DX人材をどう育成する?(画像はイメージ、提供:ゲッティイメージズ)

コンサル業界のトレンド

 コンサルティング会社を例に挙げてみましょう。

 2000年から2010年くらいにかけて、コンサル会社は調査やレポート作成、分析などを盛んに行っていました。さまざまな情報を調べ、それをExcelに打ち込みグラフにしたり、PowerPointの資料を作成したりして、プレゼンしていたのです。クライアント側にはそのような情報や整理された資料がなかったので、コンサル会社から提示された資料をもとに、次なる打ち手を議論してきました。それが昨今では完全に様変わりしています。
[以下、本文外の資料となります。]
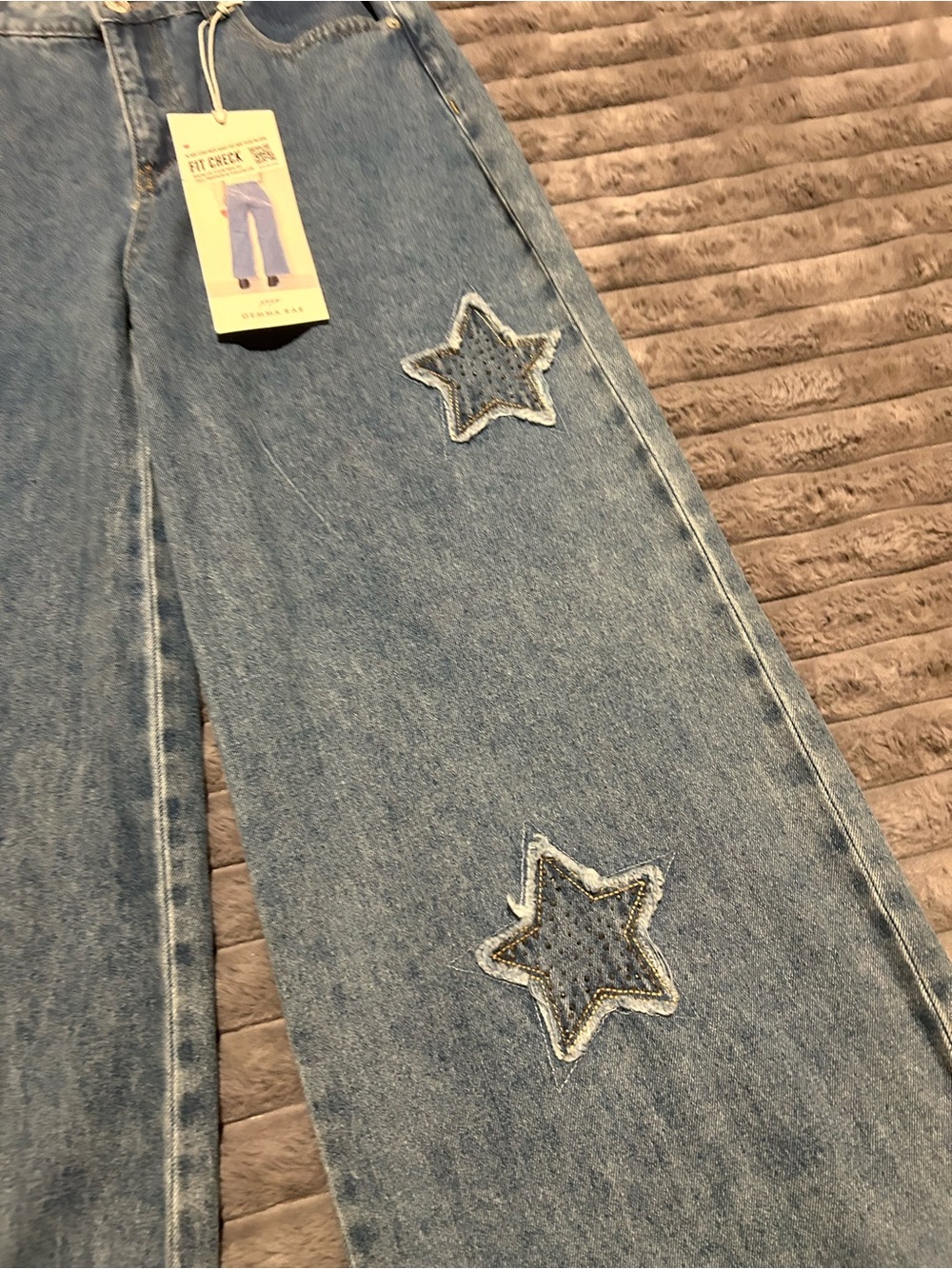 Gemma Rae mid-rise, wide-leg, non-stretch (with star Patch’s) denim jeans - Picture 2 of 10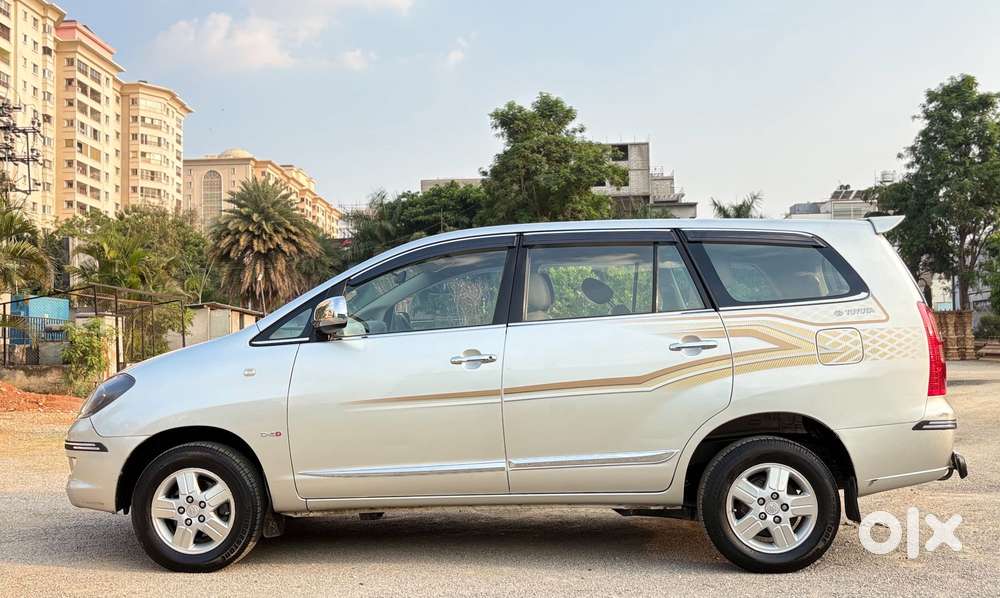 Toyota Innova 2.5 V 7 Str, 2008, Diesel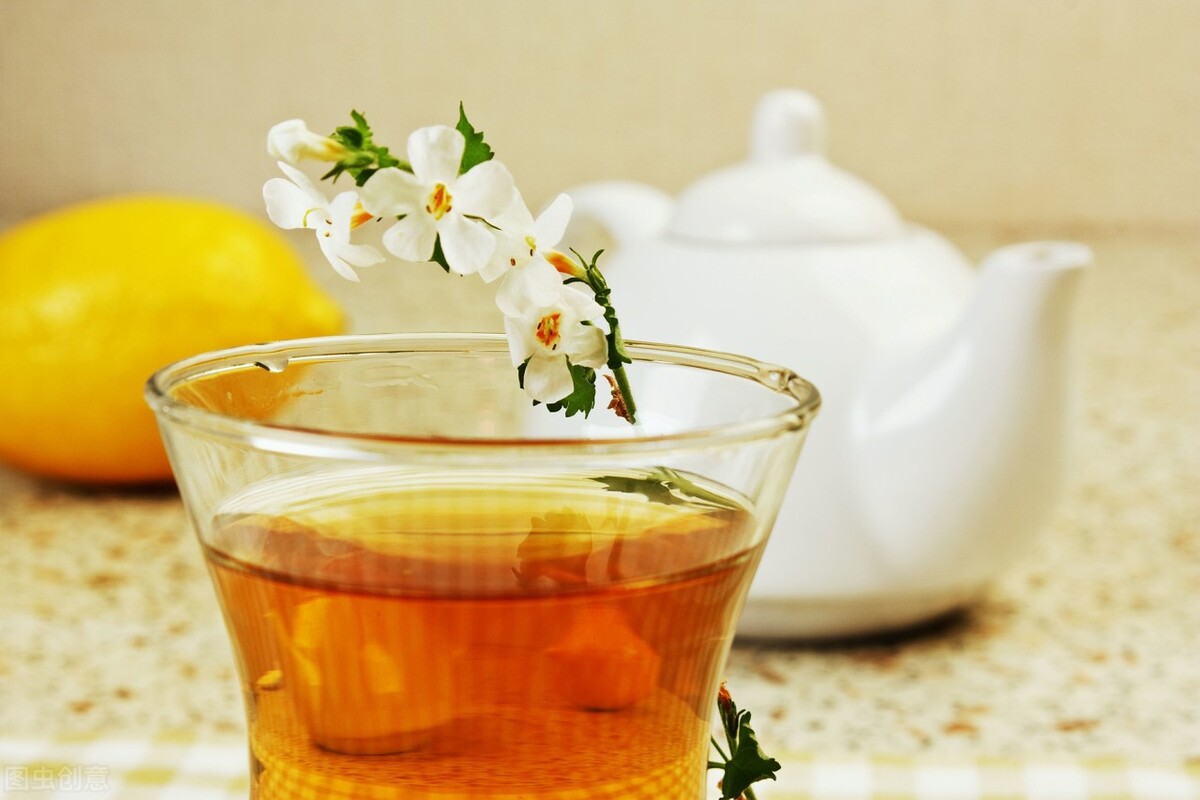 隔夜茶叶水适合浇什么花（12种最喜欢发酵茶叶水的花卉）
 分析する作業をコンサル会社に依頼するのではなく、自社独自で分析したり、リサーチシステムを構築したりすることを目指しているのです。以前であれば、コンサル会社に依頼して3カ月後に資料が提供されていましたが、いまでは瞬時に出来上がる。そうした設計・実行をコンサル会社が支援するようになっています。

 まるでコンサル会社が自分たちの仕事を無くすためにコンサルティングをしているような不思議な構図です。

 パッケージ化されたシステムをそのまま活用すれば事は足りるかというと実際にはそうはいきません。各業種、各企業によって業種特性を加味した項目やKPIの設計が求められます。また、管理の仕方も異なるため、パッケージ化とカスタマイズのハイブリッドな支援が必要とされます。よって、各業界に対する高い知見と戦略を加味したKPI設計、システム導入のスキルまで幅広く求められます。

小売業のDXで求められるスキルは?

 実はこれはコンサル会社に限ったことではなく、全ての企業に起きていることです。各企業のマーケティング部門、人事、法務、経理、営業など、自分たちが手作業でつくっていた資料を、いかにデジタルに転換し自動化・精緻化を実現するか。こうした設計をするスキルが求められています。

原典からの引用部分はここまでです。